• [Supplied information]:
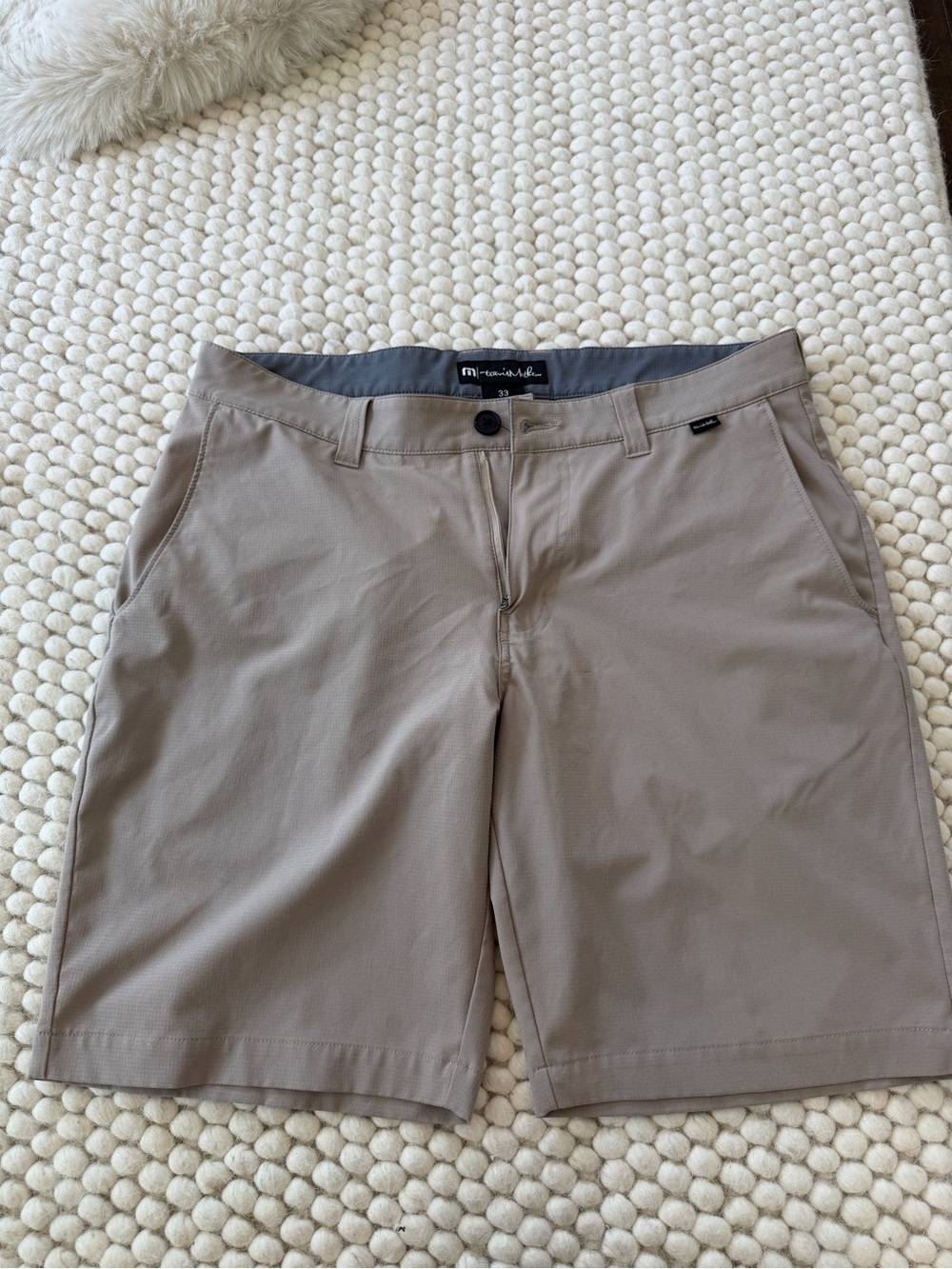 Travis Mathew Men’s Taupe Flat Front Shorts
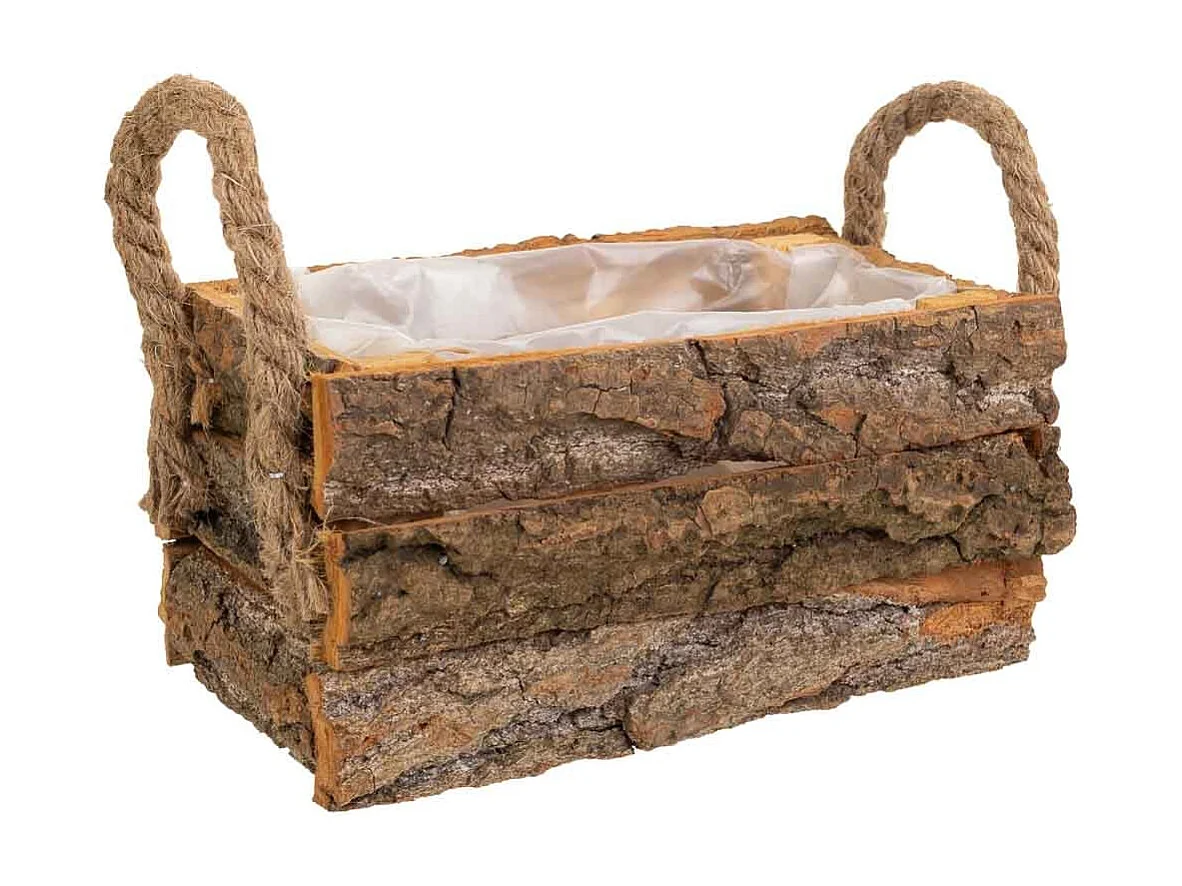 Cesto de madeira com alças marrons 18x12x8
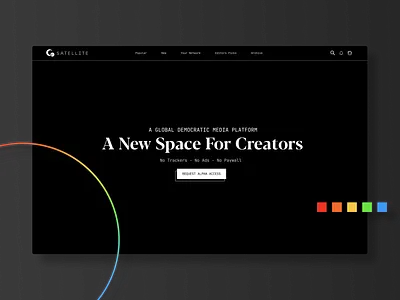 Satellite Landing Page app branding decentralized landing page minimal platform rainbow social media space typography web website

• [Exercise description]:
Transcribe the listing in full and omit the pictures.

• [Answer space]:
 Travis Mathew Men’s Taupe Flat Front Shorts
 Cesto de madeira com alças marrons 18x12x8
 Satellite Landing Page app branding decentralized landing page minimal platform rainbow social media space typography web website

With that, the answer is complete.